Absurdly, his boyfriend cheated on him and then dumped him, and Randy was hurt, terribly hurt for months afterwards.
There was a sexual tension, an almost tangible chemistry between us from the start, and although we would hold hands and give each other back rubs, after-rolling, whenever we started kissing or becoming too intimate, he would draw away and choke, “Dan, I’m sorry, it’s just too soon after Jim,” which pissed me off to no end, and I thought he was just brushing me off, because up until then I had never been hurt like that before.
Just the same, he was my idol, and I emulated his style, combing the shops and boutiques from Portland to Boston to New York for just the right outfits—fierce club kid clothes—tight spandex t-shirts. Blinky—flashy watches, earrings, and bracelets. You know the routine. And phat pants with lots and lots of pockets—Randy pants—like the kind he always wore. I always looked good in them, felt confident, stylish, self-assured, sexy.
I started going to circuit parties. New York, Montréal, D.C. I grew in confidence and met so many people, and I would return to Portland with a thousand stories and a million phone numbers and email addresses and guest tickets to all the clubs: Twilo, the Tunnel, Rise, Stereo, Avalon.
Randy would laugh, and say “My god, Dan, when you first got here, you didn’t know anyone, and now you’re everywhere, and everybody knows you!” It was hilarious to me that he didn’t understand that it was in trying to impress him, I became this professional club kid.
Then I met the man of my dreams in Boston, and I forgot about Randy and all my friends in Portland—left them all behind to be with this guy, which at first seemed to be a good idea, but then it turned bad.

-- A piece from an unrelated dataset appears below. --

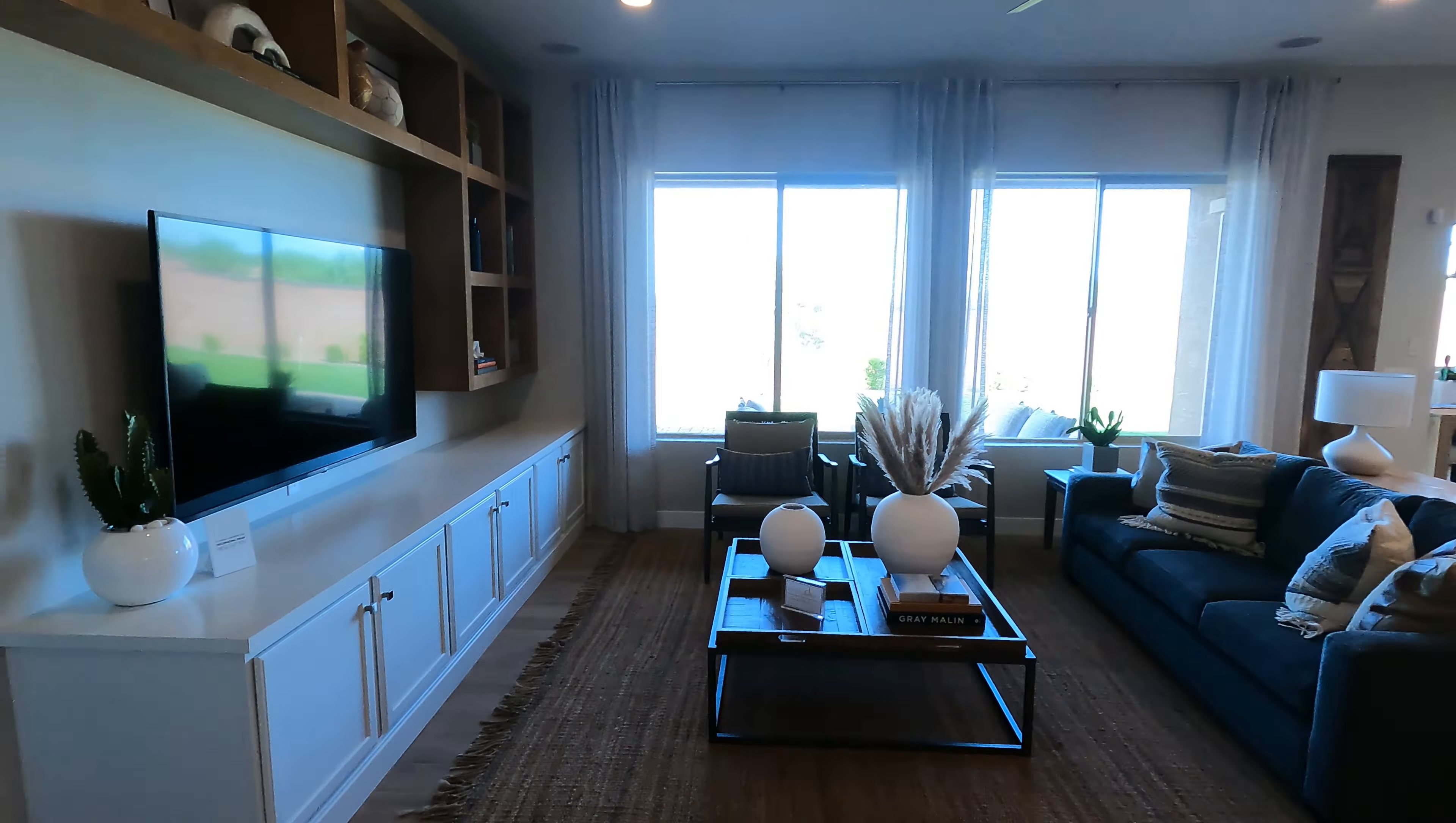We are going to check out the Adelaide model by Taylor Morrison. This is a single level home and it's super customizable. The model that we're gonna look at today has a casita in it. The base floor plan does not come with that—it's about a $40,000 upgrade if you want to add that in. It's got a three-car garage standard that can be expanded all the way up to four and a half cars, so definitely lots of things you can do. Very customizable, which is always fun.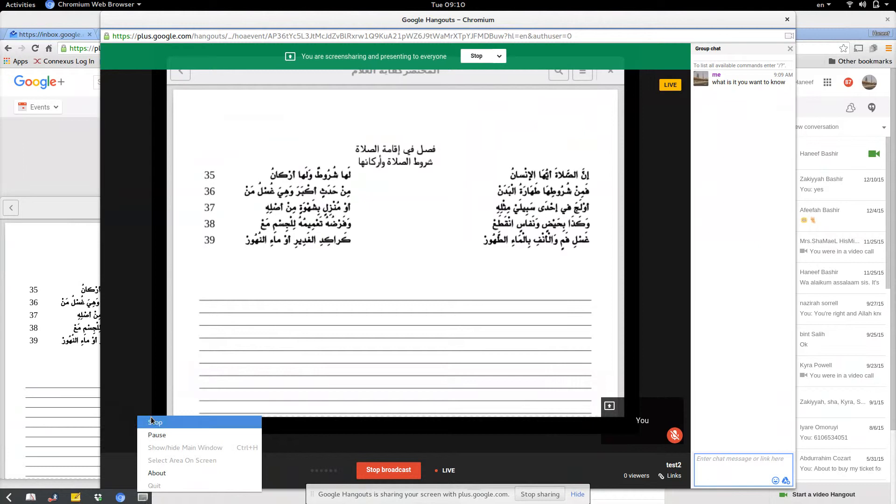And with that — Assalamu alaikum warahmatullahi wabarakatuh.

So very bad. So very quickly. And he hurt me, broke my heart, ripped my guts out, and tramped on my soul, or so it seemed, and I was left all alone, having alienated my friends in Portland, and it took a long, long time for me to heal.

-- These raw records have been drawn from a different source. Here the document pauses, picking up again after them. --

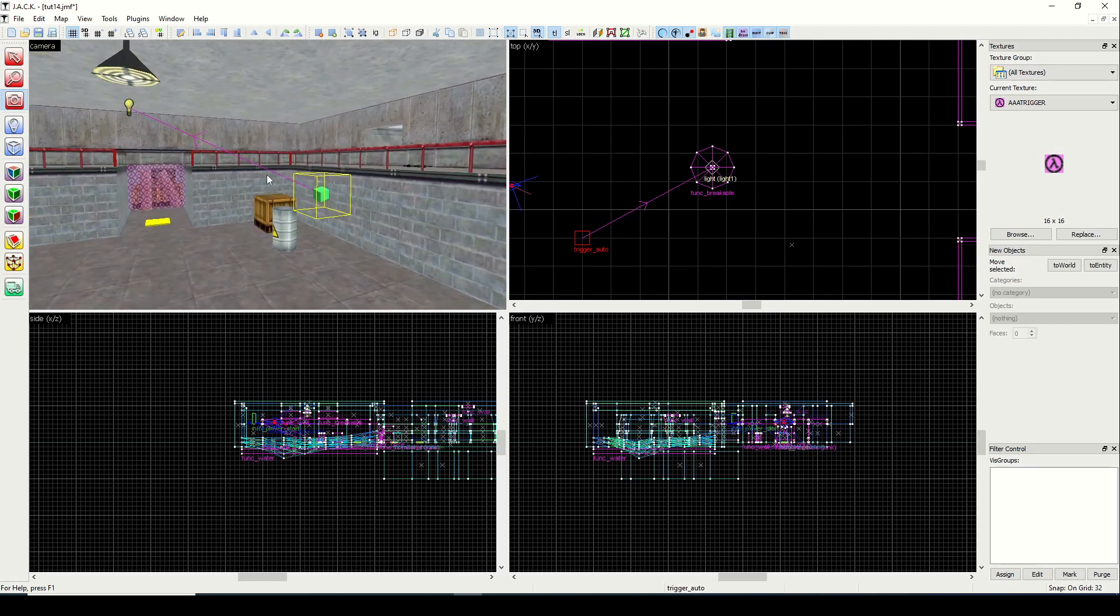That's a basic tutorial on triggers and targets and I hope you guys join for the next one. Thanks.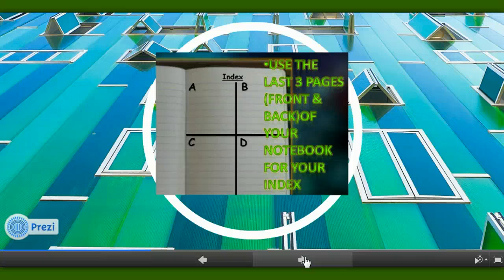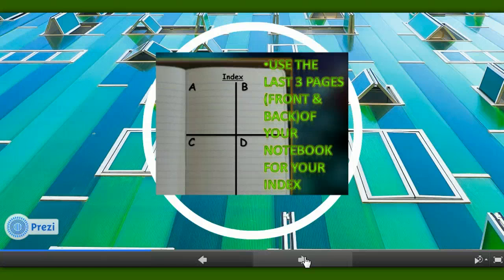At this point you should have all three pages of your index done. 'Index' should be written at the top middle on every single page, and you should have the whole alphabet finished. X, Y, Z should be in the same quadrant on the very last block. Now let's move on.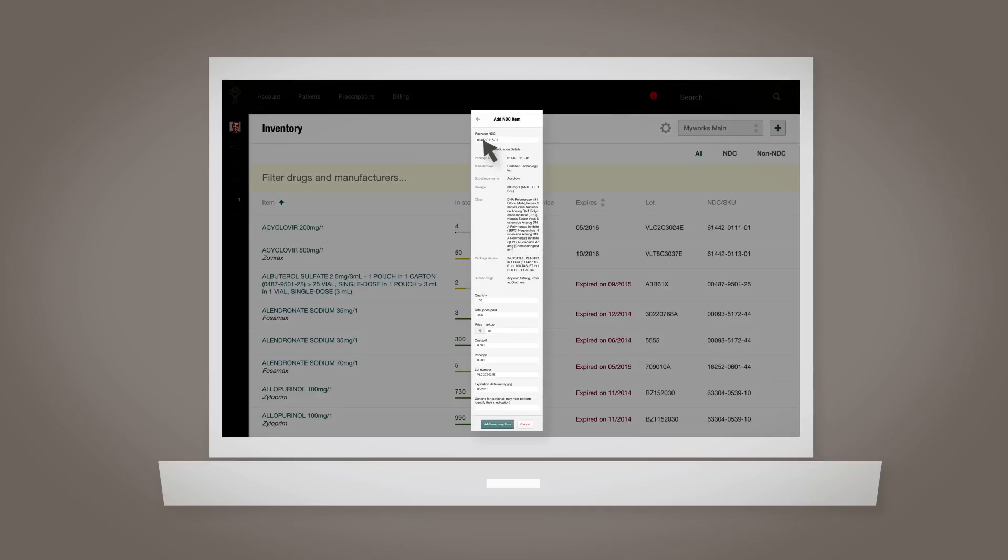At this point the details will autocomplete for you, assuming the medication is already in Atlas.md's NDC database. From there, you'll need to provide the remaining required information including quantity, total price paid, the price markup, cost per pill, price per pill, lot number, expiration date, and what the medication is generic for if applicable.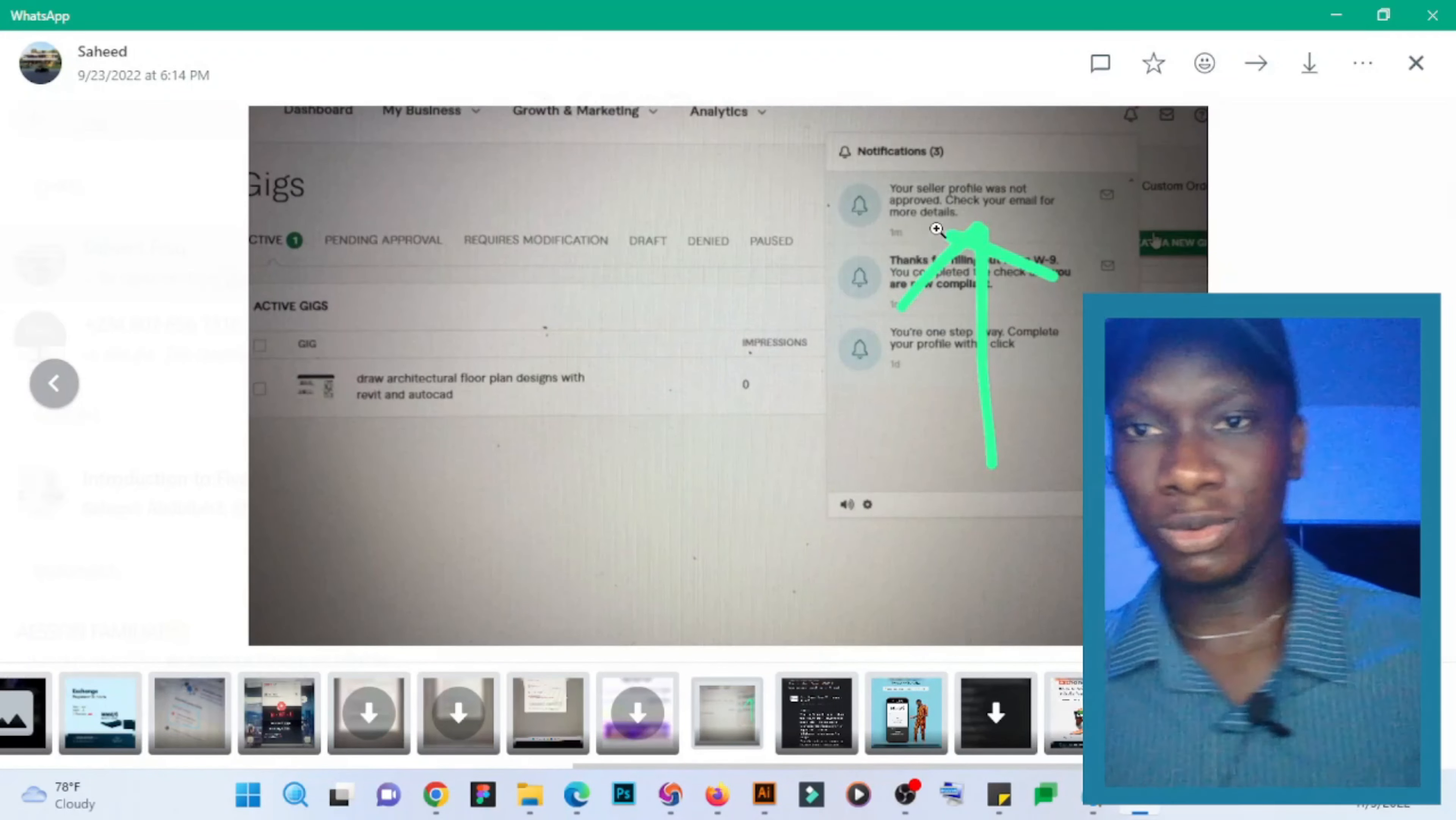Yeah, and as you can see here, it has been approved. That's how to get your seller profile approved. Make sure you niche down, and the first gig you create on your new Fiverr account, make sure it is not in a popular niche. Make sure it is in those new niche categories.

Fast forward three years, and by this time I had moved out to California, but I made plans to meet up with friends in Montreal for the Black and Blue, and there I was, flagging up on stage at Millennium while Manny spun behind me, and this guy at the base of the stage beckoned with a finger for me to come closer…and it was Randy!!!
I leapt off the stage and into his arms, and we kissed like long-lost lovers, and then we caught ourselves and broke apart, and I was all like, “Omigod, look at you, you look great!” (He did!) while he was all, “Me? Look at you! You look fantastic!”
The next thing, simultaneously was “ Wow—do you have a boyfriend?”
“No?!”
“Oh…” “Oh…!”
My heart jumped, and I think I saw his did too, and we wanted to say more, but just then his friends crashed into us, and we couldn’t really talk, but we danced close, so blissfully, achingly close, and I made plans to meet up with him at his hotel after the club closed in case we got separated (which, unfortunately, we were, dammit!)
So, the next morning I stumbled across from the Olympic Stadium to his hotel, and when he let me in, there were a couple of his friends asleep in one bed, and he was slightly K’d out.
Not to be denied, I let it all out: how I had fallen in love with him at first sight all those years ago. How I hadn’t understood how badly his ex had hurt him, but now, after my own failed relationship, I did. I told him about the huge effect he’d had on me; on how I wanted to be cool like him, to be nice like him, to have a great body, great hair, all that and more.
He just sat there with mouth agape, eyes wide, and a child-like expression, “I really did that? You really thought all that?!”
And then his eyes glazed over, and he dropped asleep in my arms, and I had to ruefully laugh. He probably hadn’t even comprehended the last few minutes I’d been talking. But that was okay. He was O-Kaaaaaay….
Yet, the next day I flew back to California, knowing where I’d come from; having experienced the magic of recognizing one person’s touch on another’s life.
I still look great in my Randy-pants.